Isso me faz lembrar uma frase de um teólogo que serviu por 12 anos como
assessor da ex-Inquisição em Roma e que veio me prestar solidariedade
por ocasião do processo doutrinário que lá sofri. Confessou-me: ”Aprenda
da minha experiência: a ex-Inquisição, não esquece nada, não perdoa nada
e cobra tudo; prepare-se”. Efetivamente assim foi o que senti. Pior
ocorreu com um teólogo moralista, queridíssimo em toda a cristandade, o
alemão, Bernhard Hâring, com câncer na garganta a ponto de quase não
poder falar. Mesmo assim foi submetido a rigoroso interrogatório na sala
escura daquela instância de terror psicológico por causa de algumas
afirmações sobre sexualidade. Ao sair confessou:“o interrogatório foi
pior do que aquele que sofri com a SS nazista durante a guerra”. O que
significa: pouco importa a etiqueta, católico ou nazista, todo sistema
autoritário e totalitário obedece à mesma lógica:cobra tudo, não esquece
e não perdoa.
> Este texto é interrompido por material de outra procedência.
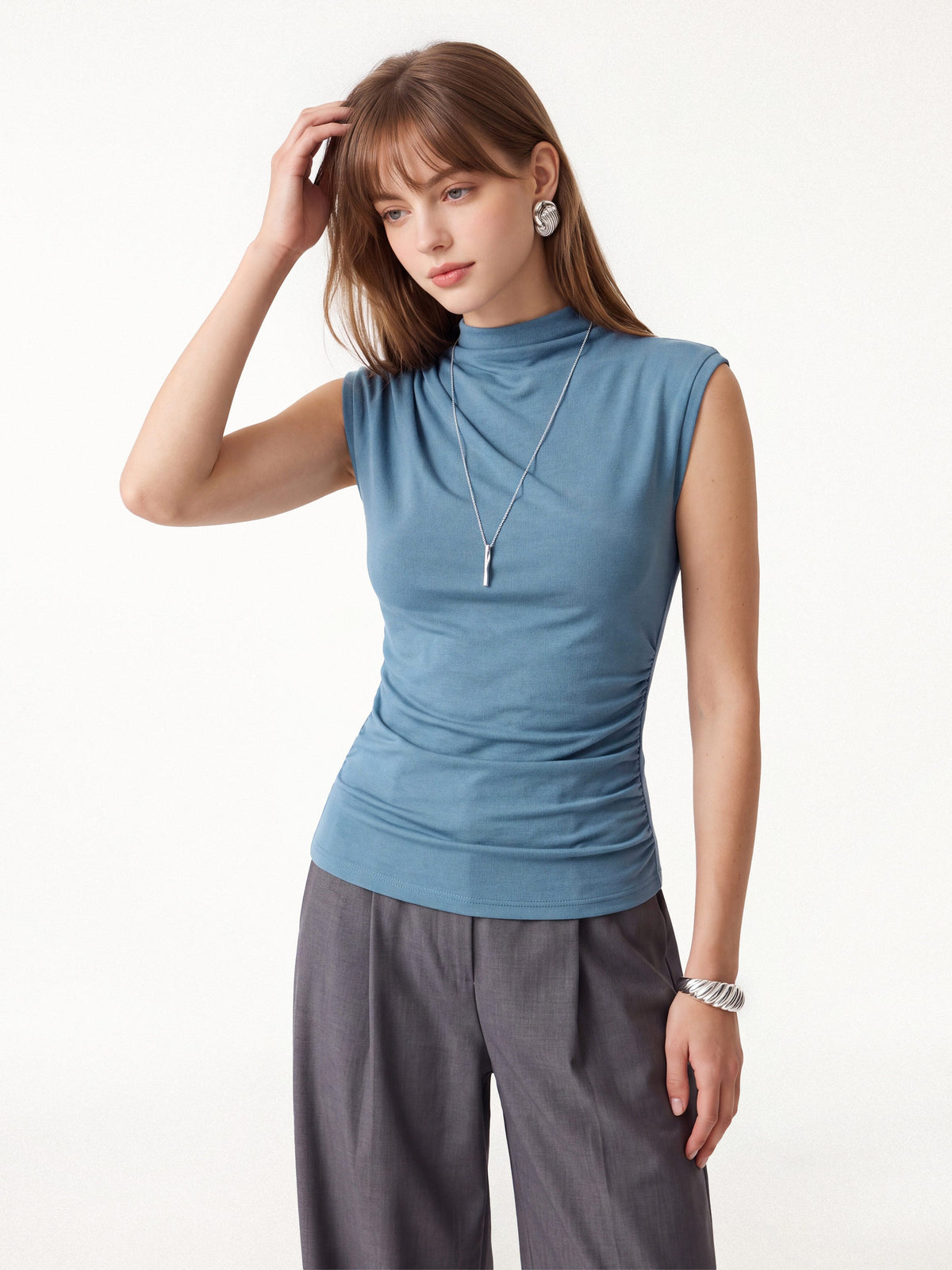 OGLmove Women's Eco-Mousse Mock Neck Sleeveless Ruched Top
Assim prometeu Barack Osama e se propõe levar avante o
Estado terrorista, criado pelo seu antecessor, mantendo o Ato Patriótico
que autoriza a suspensão de certos direitos e a prisão preventiva de
suspeitos sem sequer avisar aos familiares, o que configura sequestro.
Não sem razão escreveu Johan Galtung, norueguês, o homem da cultura da
paz, criador de duas instituições de pesqusa da paz e inventor do método
Transcend na mediação dos conflitos (uma espécie de política do
ganha-ganha): tais atos aproximam os EUA ao Estado fascista.
O fato é que estamos diante de um Império. Ele é consequência logica e
necessária do presumido excepcionalismo É um império singular, não
baseado na ocupação territorial ou em colônias mas nas 800 bases
militares distribuidas pelo mundo todo, a maioria desnecessária para a
segurança americana. Elas estão lá para meter medo e garantir a
hegemonia no mundo. Nada disso foi desmontado pelo novo Imperador, nem
fechou Guantânamo como prometeu e ainda mais, enviou trinta mil soldados
ao Afeganistão para uma guerra de antemão perdida.
Podemos discordar da tese básica de Abraham P. Huntington em seu
discutido livro O choque de civilizações. Mas nele há observações,
dignas de nota, como esta: “a crença na superioridade da cultura
ocidental é falsa, imoral e perigosa”(p.395). Mais ainda:”a intervenção
ocidental provavelmente constitui a mais perigosa fonte de instabilidade
e de um possível conflito global num mundo multicivilizacional”(p.397).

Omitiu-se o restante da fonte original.